«La véritable musique est le silence et toutes les notes ne font
qu’encadrer ce silence» Miles Davis
Dans le silence et la solitude
L’étymologie de silence nous renvoie au latin silentium, qui
caractérise une absence de bruit, le fait de se taire, une interruption plus
ou moins longue en musique et le fait de ne pas vouloir ou pouvoir
s’exprimer. La faillite de notre civilisation est le bruit, alors que nous
avons besoin d’espaces silencieux.
Loge Tolérance et Fraternité, Genève (Revue maçonnique suisse: octobre
2007)
Nous vivons dans un monde où la verbalisation est la règle et le silence
l’exception. Nous vivons au milieu d’un torrent de mots, si bien que la
valeur du silence nous échappe le plus souvent. Parce que la parole et le
silence sont étroitement liés nous ne savons plus très bien ce qu’ils
représentent. N’est-ce pas dû au fait qu’à sa manière le silence signifie à
travers les mots autant que les mots signifient eux-mêmes? Et sans un espace
entre les mots, ceux-ci seraient-ils compréhensibles? Nous retrouvons là une
dualité qui nous est familière.
Il existe plusieurs formes de silence et nous connaissons
particulièrement bien celui imposé aux autres. Il est éloquemment illustré
par des expressions telles que «réduire au silence», «la loi du silence»,
«le silence radio»… «Faire silence sur les travaux de ce jour». Cette phrase
de notre rituel renforce l’engagement figurant dans le serment maçonnique de
ne pas dévoiler la teneur de nos travaux, de notre rituel et des
particularités qui lui sont inhérentes, ni l’appartenance de nos frères. Il
s’agit ici d’un silence auto-imposé. Chercher à respecter son propre silence
dans notre engagement au sein de notre ordre nous apparaît comme primordial,
sinon essentiel.
La puissance pacificatrice du silence
Apprentis, avons-nous toujours profité du silence imposé, pour apprendre
à dominer les mots par la pensée? Avons-nous su nous isoler suffisamment du
bruit extérieur et rechercher la maîtrise du silence intérieur? C’est
l’époque la plus intense de la recherche de notre soi et de notre propre
rapport à l’existence, même si cette quête durera toute une vie. Cette
période d’apprentissage consistant à écouter les autres devrait nous
permettre de découvrir la vraie valeur des mots et du silence.

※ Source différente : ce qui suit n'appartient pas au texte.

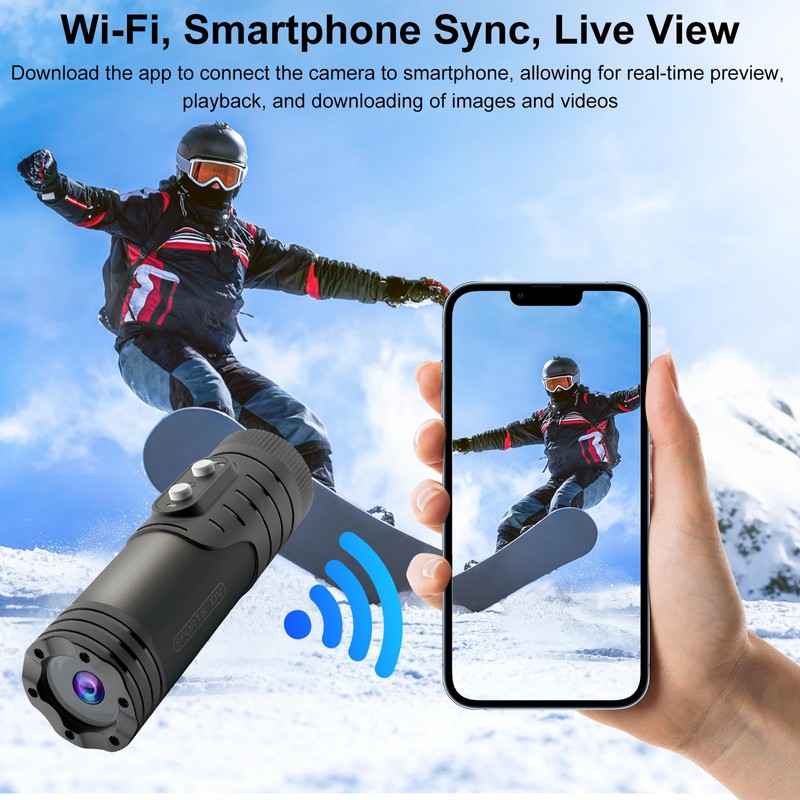 OBEST Motorcycle Recorder Outdoor Waterproof Riding with WiFi Anti-Shake Sports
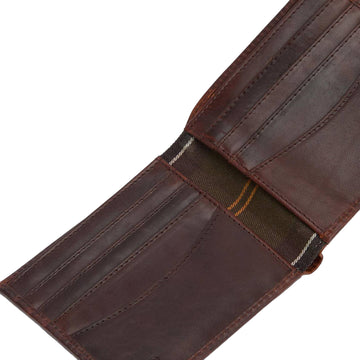 Barbour Bilton Leather Wallet Burnt Chocolate Brown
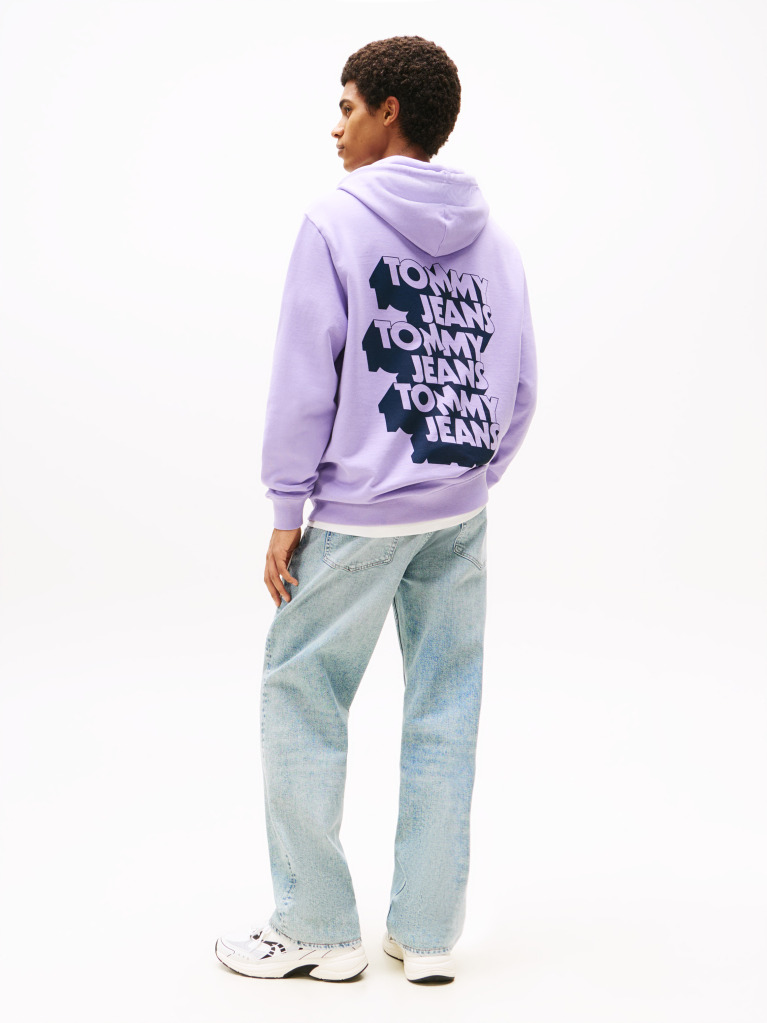 Μωβ Hoody Με Φινίρισμα Και Λογότυπο Στο Πίσω Μέρος  Άνδρες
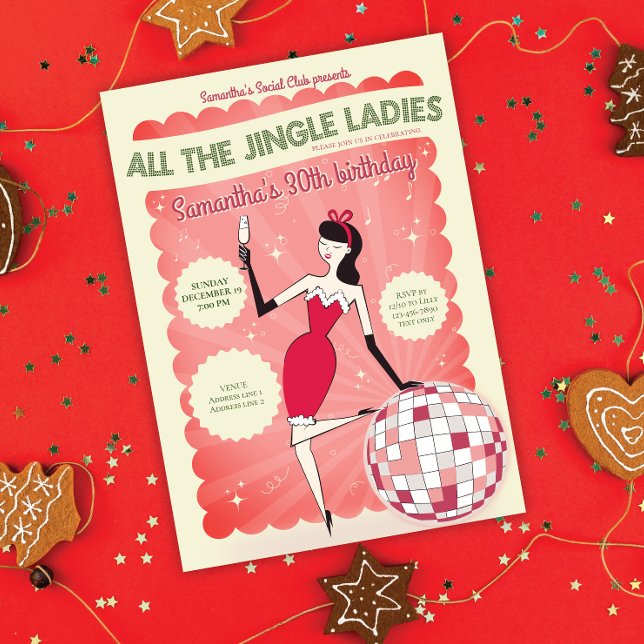 Jingle Ladys Night Out Retro Diskothek Ball Holida Einladung (Jingle Ladies Night Out Retro Disco Ball Holiday Invitation Bridal Shower Birthdays Ladies Night Out)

À l’issue de ce «purgatoire» le compagnon en devenir que nous sommes
alors devrait commencer à savoir contenir les bruits anarchiques de son
esprit et à ordonner sa pensée. Cheminant ainsi sur la voie de la réalité
spirituelle, il a peut-être pu remplacer progressivement les silences de
l’ennui, de l’inquiétude et du désespoir, par celui apaisant de la paix
intérieure.
On peut dès lors se demander pourquoi une fois devenus maîtres, certains
d’entre nous oublient cette recherche et ses vertus. Ils vont, s’exprimant
en tous lieux sans retenue, sans réflexion préalable sur les conséquences
des mots qu’ils donnent à entendre. Ils perdent ce recul, ce temps donné par
le silence pour forger une opinion et atténuer les effets néfastes de
l’emportement. Ils dispersent ainsi à la cantonade des sentences toutes
faites, formulées à l’emporte-pièce. Que ceux-là repensent au temps de leur
apprentissage et utilisent la puissance pacificatrice du silence qui pèse
les mots au trébuchet du bon sens!
Mais le silence existe t-il vraiment? Et de quel silence s’agit-il?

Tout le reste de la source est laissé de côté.